WHAT TO PRODUCE:
Exactly as written, output each record given below.

EXERCISE DATA:
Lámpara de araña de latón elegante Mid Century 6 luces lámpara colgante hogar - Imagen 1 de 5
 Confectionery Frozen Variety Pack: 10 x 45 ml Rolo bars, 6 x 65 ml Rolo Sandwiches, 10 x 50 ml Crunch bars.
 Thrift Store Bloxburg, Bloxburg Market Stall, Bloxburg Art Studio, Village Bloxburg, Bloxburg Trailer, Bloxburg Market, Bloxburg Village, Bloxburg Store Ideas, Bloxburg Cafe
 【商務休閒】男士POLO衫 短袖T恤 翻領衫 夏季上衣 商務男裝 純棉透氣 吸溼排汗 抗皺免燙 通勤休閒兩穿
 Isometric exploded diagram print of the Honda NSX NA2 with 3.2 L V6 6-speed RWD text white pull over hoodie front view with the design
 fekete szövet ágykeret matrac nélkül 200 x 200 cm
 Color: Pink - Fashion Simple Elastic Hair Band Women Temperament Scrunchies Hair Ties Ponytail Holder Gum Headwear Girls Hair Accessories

YOUR SOLUTION:
Lámpara de araña de latón elegante Mid Century 6 luces lámpara colgante hogar - Imagen 1 de 5
 Confectionery Frozen Variety Pack: 10 x 45 ml Rolo bars, 6 x 65 ml Rolo Sandwiches, 10 x 50 ml Crunch bars.
 Thrift Store Bloxburg, Bloxburg Market Stall, Bloxburg Art Studio, Village Bloxburg, Bloxburg Trailer, Bloxburg Market, Bloxburg Village, Bloxburg Store Ideas, Bloxburg Cafe
 【商務休閒】男士POLO衫 短袖T恤 翻領衫 夏季上衣 商務男裝 純棉透氣 吸溼排汗 抗皺免燙 通勤休閒兩穿
 Isometric exploded diagram print of the Honda NSX NA2 with 3.2 L V6 6-speed RWD text white pull over hoodie front view with the design
 fekete szövet ágykeret matrac nélkül 200 x 200 cm
 Color: Pink - Fashion Simple Elastic Hair Band Women Temperament Scrunchies Hair Ties Ponytail Holder Gum Headwear Girls Hair Accessories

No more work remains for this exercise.